Biometric identification is becoming increasingly more common in airports, shopping centres and sports & music venues around the world. But whilst some States in the US have decided to ban the use of facial-recognition technology by law enforcement, it has been revealed that Kings Cross train station in London would be introducing facial-recognition software to identify people on the site who had previously committed an offence there. This revelation sparked numerous debates about our Big Brother culture here in the UK and whether this sort of technology was in breach of our human rights. But, if you thought facial-recognition was bad, check out these other hair-raising ways that the public can be monitored and identified using surveillance technology.
Your heartbeat is just as unique as your iris or fingerprint and can also be used to tell us apart from one another.
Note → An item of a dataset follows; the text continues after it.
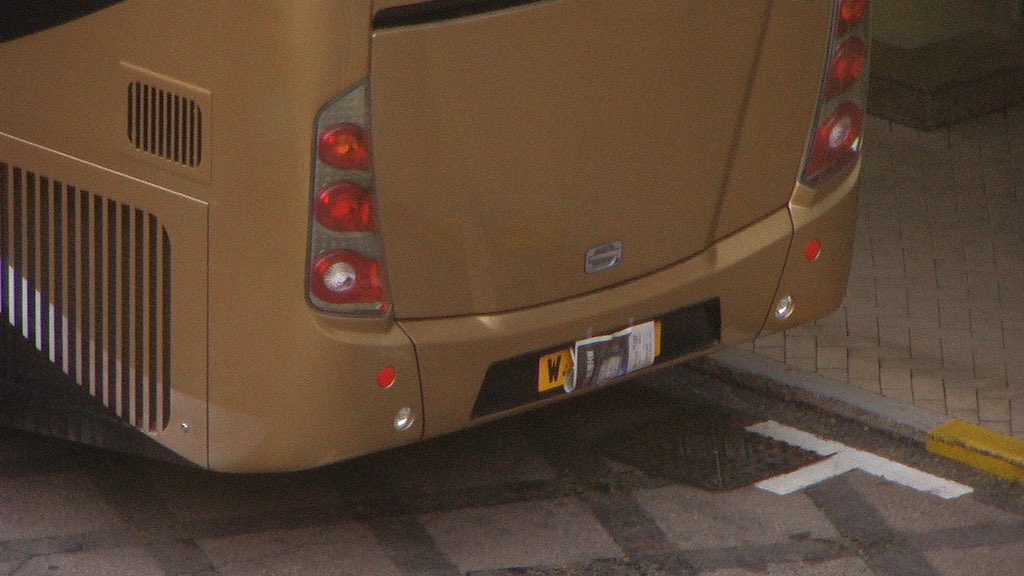 NaomiCoco4's tweet photo. @hkpoliceforce Is it against the law not showing the plate for a vehicle running on the roads? Who said @hkpoliceforce would not commit crime when they are in operation? #HKPoliceState #GreenObjects
Photo credits: Rice Post https://t.co/3tTPiSDftP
The Pentagon has developed a laser, known as Jetson, which can be used to identify a person from a distance using a technique known as doppler vibrometry which identifies surface movement on the skin caused by a heartbeat.
How You Walk
Similarly to our heartbeats, the way we move can be very unique to us. Earlier this year the Chinese Police began using a technology known as gait recognition. Gait recognition works by analysing metrics about a person’s walk and then stores them in a national database. Although it’s not as intrusive as the 200m distance of the Jetson laser, Gait software can identify a person based on the way they walk from 50 meters away, even if they are disguised or have their back turned.
Yes, that’s right. Your body odour could be used as a biometric identifier. Your smell contains chemical patterns which remain unaffected by bodily changes, deodorants or perfumes. Although this is something which has been used by police forces the world over for a while now, having computers undertake the task is still a relatively new concept. However, there are still concerns about how well this technology would work in a crowd of people opposed to individual authentication.
In a world where car theft has become a daily occurrence, engineers from the Advanced Institute of Industrial Technology have developed a biometric anti-theft system which detects the shape of your rear-end, another unique quality we all have. The seat is fitted with sensors that measure pressure, a reading is then plotted to create a 3D image map of your backside so that anyone who isn’t you, isn’t going anywhere. This is great if you want to avoid your car being stolen, not so great if you want your partner to give you a taxi-ride back from the pub on a Friday night.
In conclusion, it seems the world is gearing up for many different (some more intrusive) ways of monitoring and identifying the general public. But what is clear, whether they are using some for the prevention of crime or not, is that the world is starting to feel a lot like George Orwell’s Nineteen Eighty-Four.